Shooting Digitals with Annabel Condit (Why God, Why?).
Updated: Aug 24
Here we are, the economy is slipping away in our arms like Gwen in The Amazing Spiderman 2. Due to the harsh inflation of the analog community, I decided to do a digital shoot. Kodak may not have personally attacked me, but they might as well have with these god-forsaken Portra prices.
It's a crispy Sunday morning, anxiety is in the air. I groan as I roll over and see the fifteenth alarm of the day: 9:03 A.M.
"Why did I book this shoot?" I ask myself, grabbing a sock that somehow flew off my feet in the midst of the night. My feet are chilly, I haven't acclimated to the midwestern breeze.
This isn't like me, I swear. I'm an artist. The warmth of my Hasselblad 500c should be warming my toes, yet instead the piglets feel the cool steel (magnesium alloy, they claim) of Nikon's Z6.
I do my Sunday ritual: Shower, brush my teeth, clean my apartment, cry, eat breakfast, drink a latte, scream, pack my camera bag, and wipe the tears away with my lens wipe (I don't actually cry but let's pretend I do).
I'm ready. I'm ready like SpongeBob on a youthful evening shift at the Krabby Patty.
Annabel is not. Annabel is late. Annabel had some sort of mix up with clothing tape (or something like that, I don't know, I'm a photographer).

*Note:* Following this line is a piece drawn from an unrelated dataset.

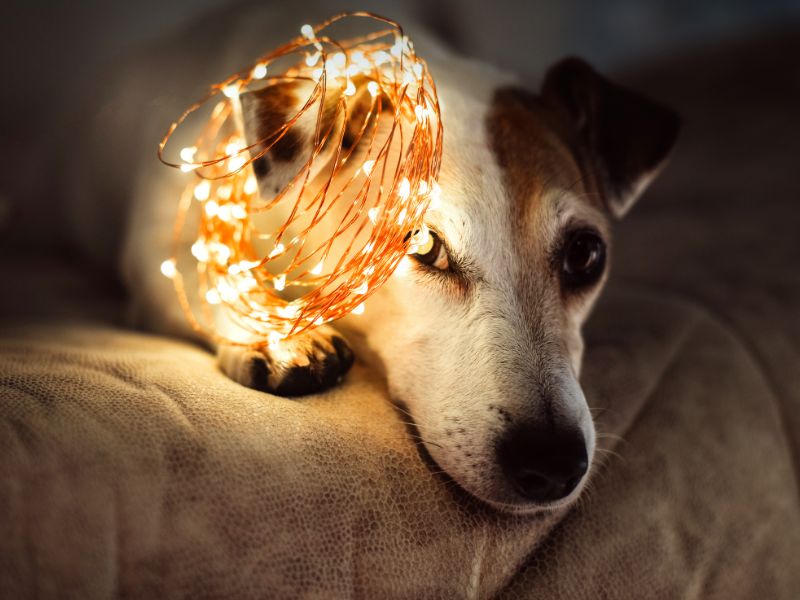 dog with christmas lights on head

She gets to my apartment and we take the ever-trustworthy CTA Line-124 to downtown Chicago. We walk, we talk, and we stop outside the Chicago Opera. At this moment I had a vintage Nikkor 50mm f/1.4 on my camera, with a deep red filter threaded upon the tip.
There was no going back, it was black and white as the prophets foretold. You cannot remove the red cast of a filter, so unless I wanted a portfolio-destroyer, black and white it was. I snapped some photos and we walked towards West Loop.

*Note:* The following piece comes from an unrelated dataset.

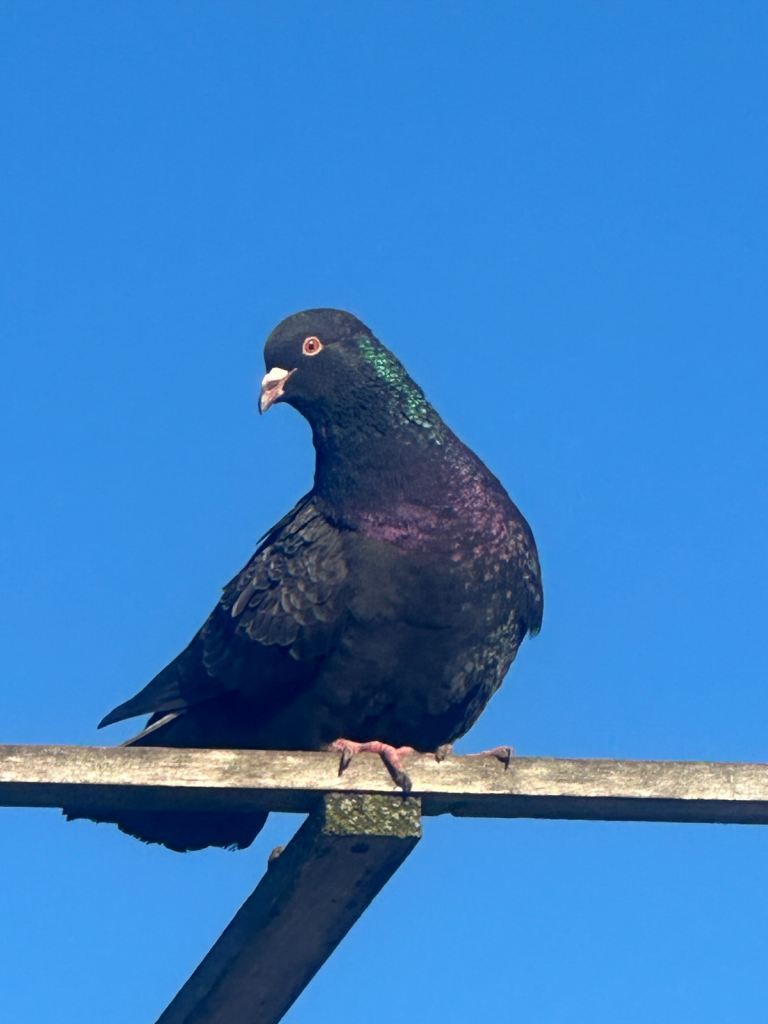 Beautiful pigeons for sale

As we progressed through the day, we stopped at key points to swap lenses and take differing photos. I tried the 14-30mm f/4 S-Line lens, built for the Z-series.
I later swapped to my trusty 50mm f/1.8 S-Line, filter-less, like a middle schooler who just learned how to be edgy. My favorite pieces from the set strain from the latter. But I digress, for I am but a messenger of the sensory technologies within my cold digital camera.

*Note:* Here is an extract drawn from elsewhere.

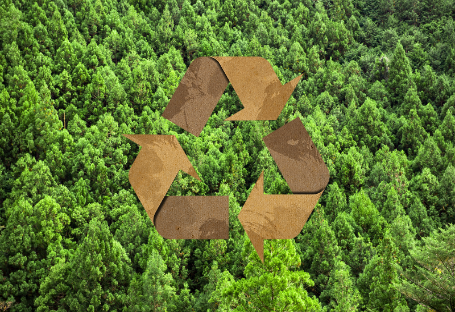 使い捨てケータリング用品調達のための FSC、EUDR、PEFC ガイド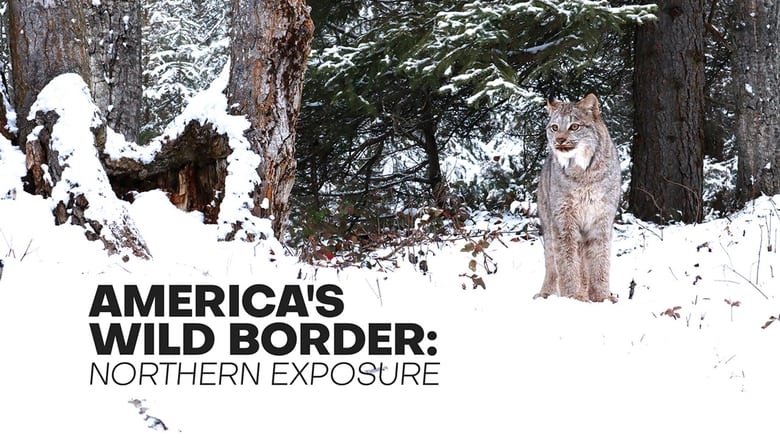кадр из фильма America's Wild Border: Northern Exposure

I would say the set overall turned out well. I was personally going for a Peter-Lindbergh inspired look, however I seem to be clinging onto a clean style rather than expose myself to the raw conditions of his style.
Annabel liked them, which is swell, for if she didn't, I may have lost a friend (again). Her agency posted two as well, so hey, I must have done something right.
Anyways, get out there and shoot, so you too can experience the thrill of shooting photos in a recession.